Mientras trataba de asimilarlo, una señora alemana se me acercó. Pequeña, con cabello blanco y un abrigo azul que parecía un edredón con patas. Me sonrió, dijo algo en su idioma, y me ofreció un dulce. Yo, por educación (y hambre), acepté. Intenté conversar con ella.

—Nice… sweet… danke schön… cold, very cold… me moriré aquí —dije riendo nerviosa.

Ella soltó una carcajada sonora y respondió con un río de palabras que no entendí, pero sonaban amables.

Al final, salimos del aeropuerto y me dirigí tambaleándome hacia la estación de tren, que estaba a unos minutos caminando. La nieve comenzaba a crujir bajo mis botas, y cada bocanada de aire helado me hacía arrepentirme un poquito de no haber traído guantes decentes. Me acerqué a la máquina expendedora de boletos, que parecía un cohete espacial con pantallas y botones por todos lados.

—¿Cómo se paga esto? —pregunté a un hombre que estaba frente a mí, claramente sin entender mi español mezclado con gestos desesperados.

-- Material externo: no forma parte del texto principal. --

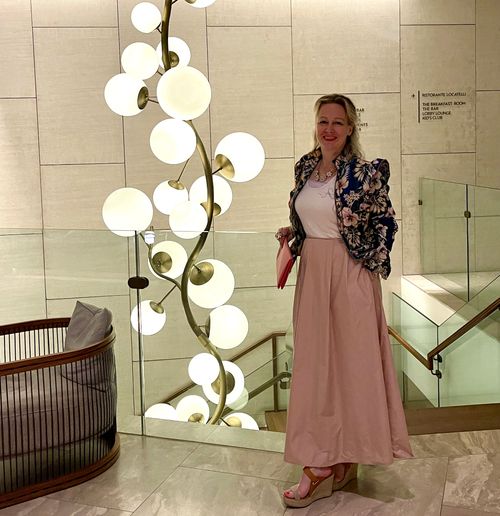 Eine mehrere Meter lange Kugelleuchte hängt im Treppenhaus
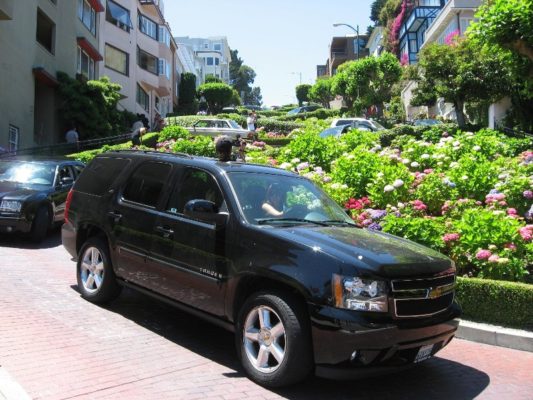 Discesa auto Lombard Street San Francisco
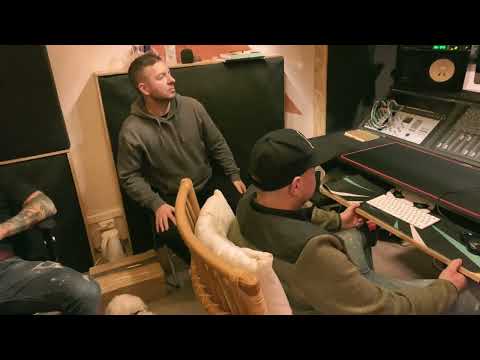 Legalnie NieLegalni x Kriso - Hejter (Studio Video)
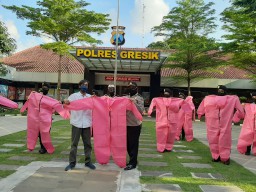 PWI Gresik Berikan APD ke Kartini Polres Gresik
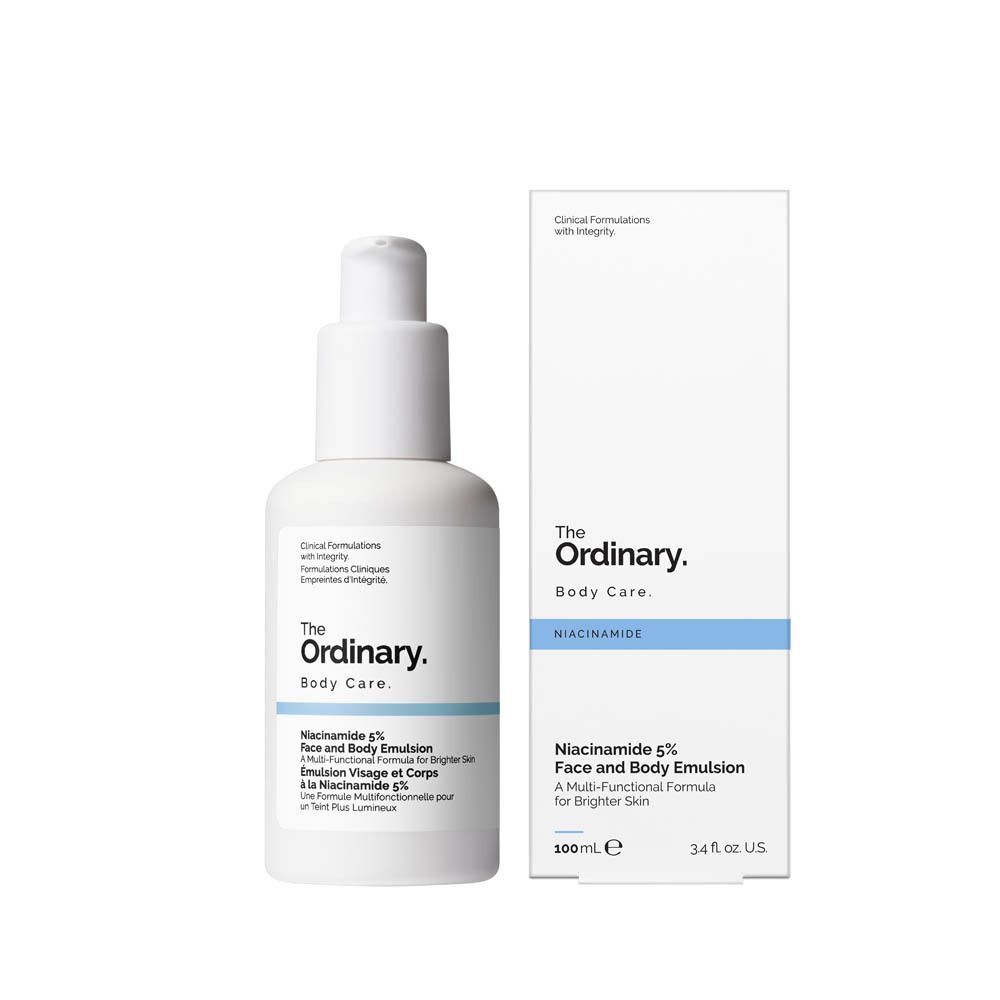 Flacon blanc et emballage The Ordinary Body Care. Inscription : Niacinamide 5% Face and Body Emulsion.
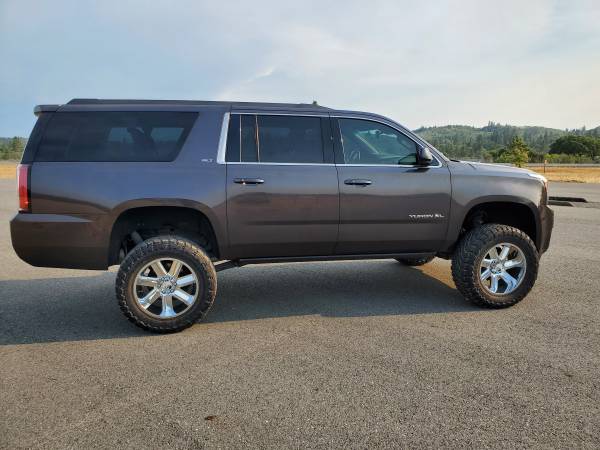 2016 GMC Yukon XL SLT**Excellent Condition**Lifted**Adult Owned** -... for sale in Grants Pass, OR – photo 7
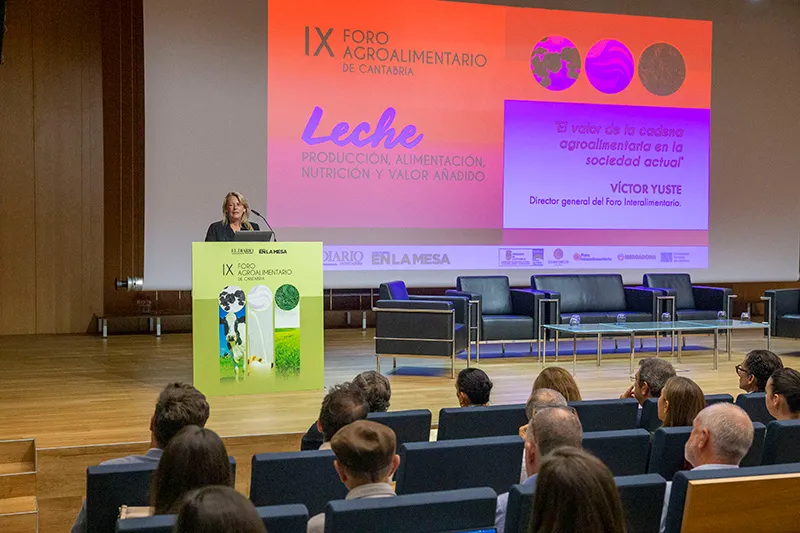 Noticias de Cantabria | El Cántabro | Susinos respalda al sector lácteo como "motor económico de primer orden y pilar clave de la economía cántabra"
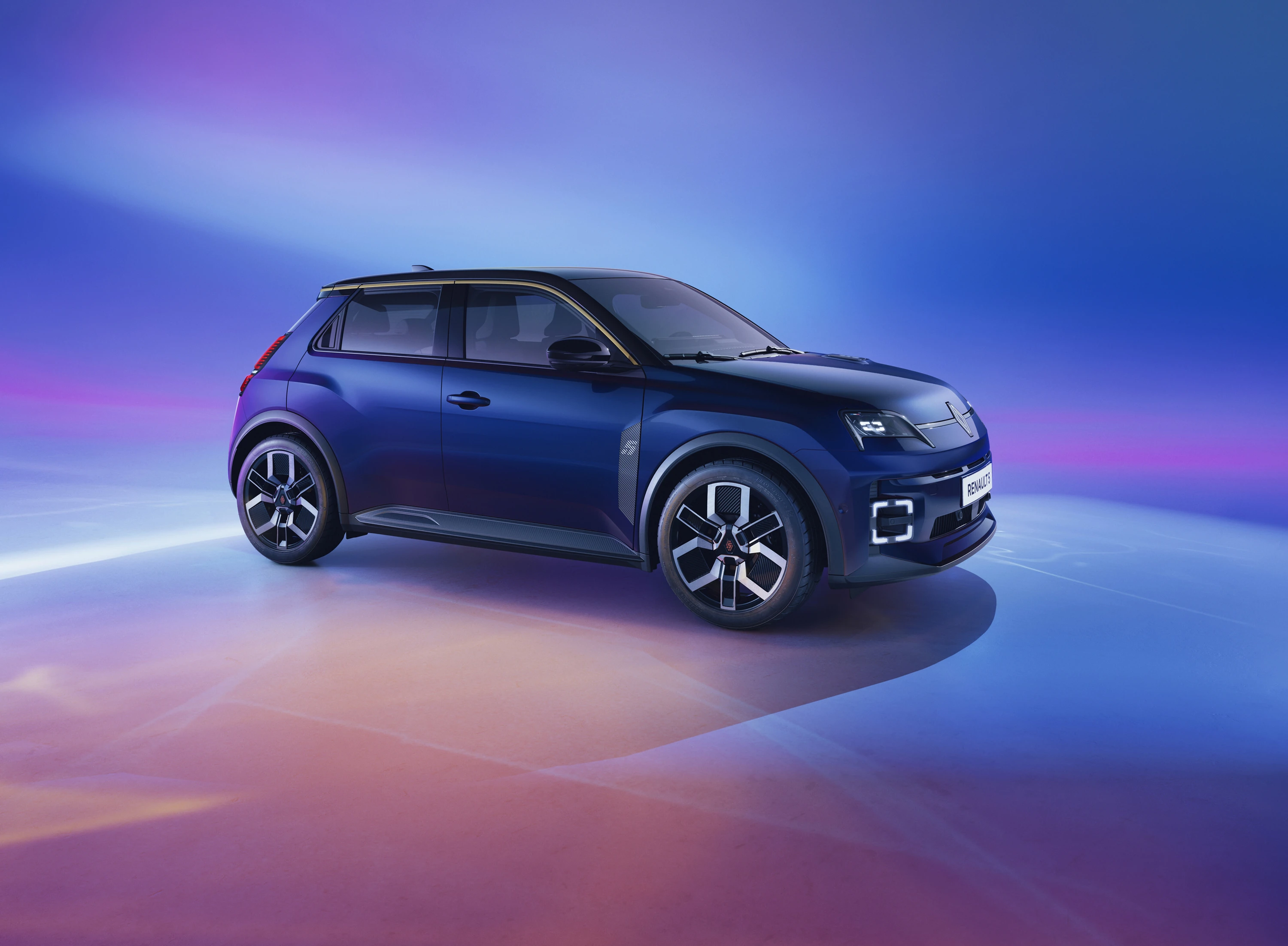 Renault 5 E-Tech 40kWh 120hp exterior view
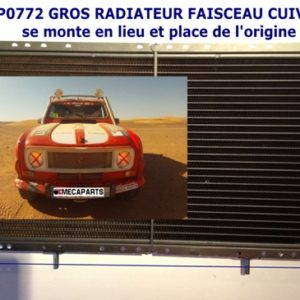 Gros radiateur cuivre R 4 spécial désert. va en lieu et place.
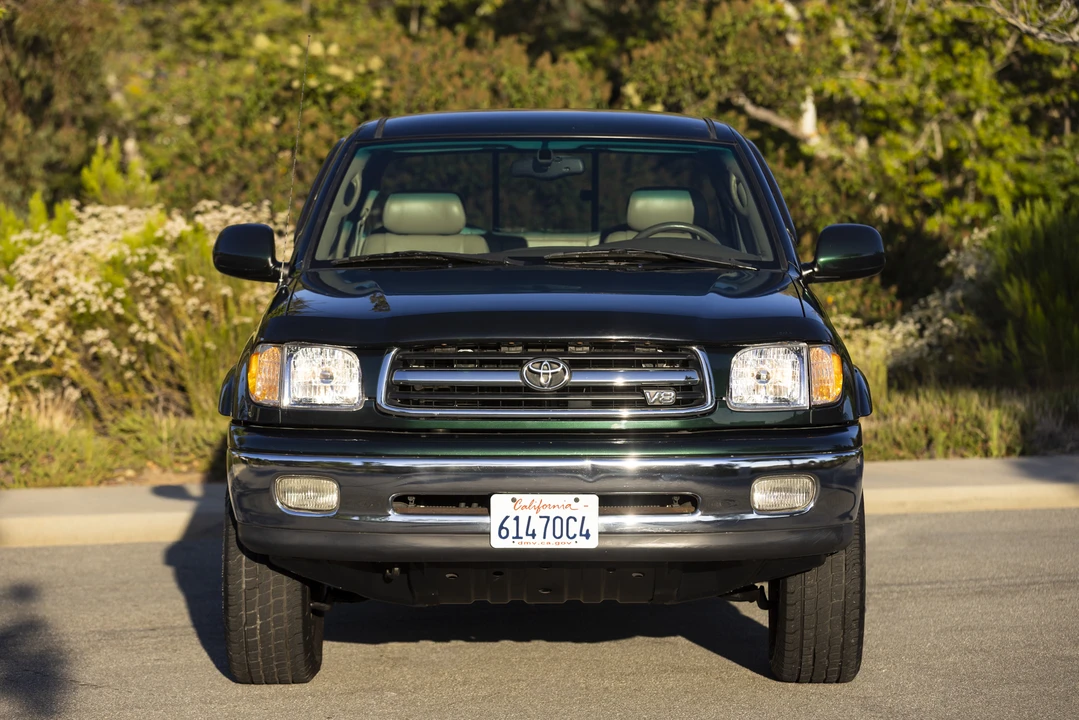 2000 Toyota Tundra 1st Gen - Image 2 of 31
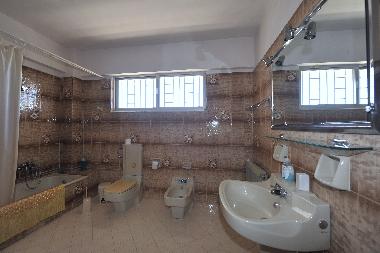 Maison de vacances /en/au LOUTRAKI (Korinthia)ou appartement ou maison de vacances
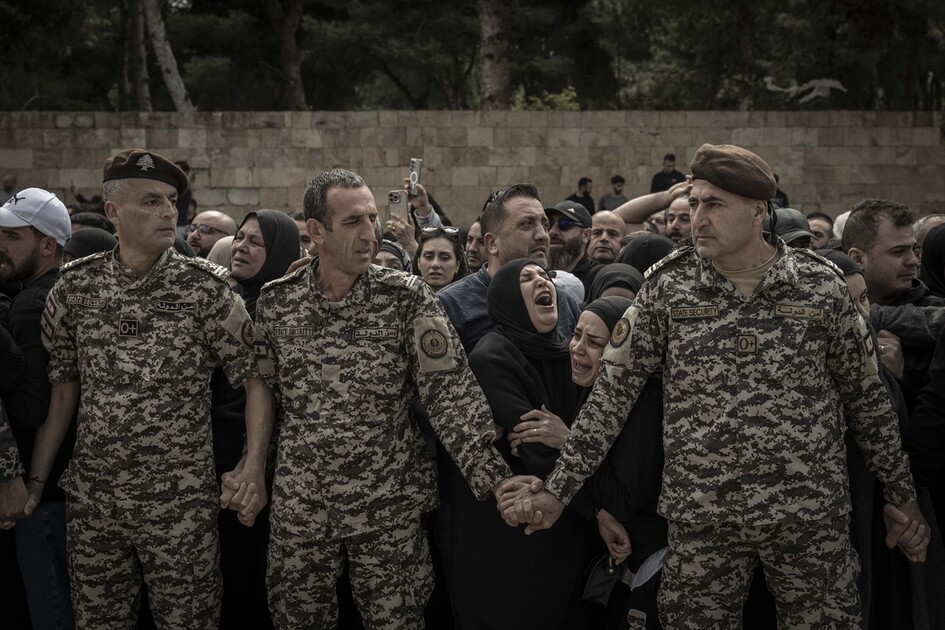 لبنان.. تشييع 13 عنصرًا أمنيًا قُتلوا في غارة إسرائيلية قرب مجمع حكومي ومقر للأمن العام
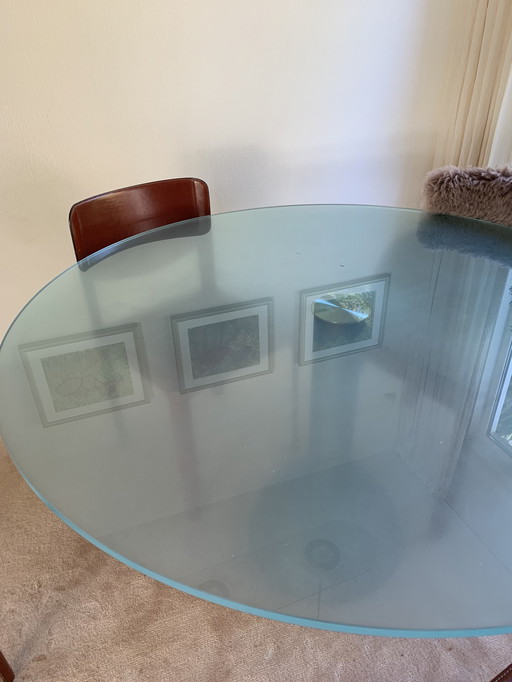 Poltrona Glass Dining Table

Kreditkarte… —dijo, señalando una ranura.

—Ah, tarjeta… sí, tarjeta —repetí, intentando sonar segura mientras metía la mía con manos temblorosas.

Después de tres intentos y un par de pitidos que me hicieron pensar que había roto algo, finalmente imprimió mi boleto. Lo sostuve como si fuera un tesoro, y respiré hondo: mi primer paso real hacia Alemania profunda.

El tren llegó con un silbido metálico y el sonido de ruedas sobre rieles. Era enorme, brillante y tan limpio que hasta mi chaqueta prestada parecía desentonar. Subí, buscando un asiento libre, y allí estaba ella: la señora alemana del avión, ya ocupando un ventanal, sonriéndome como si me reconociera de toda la vida.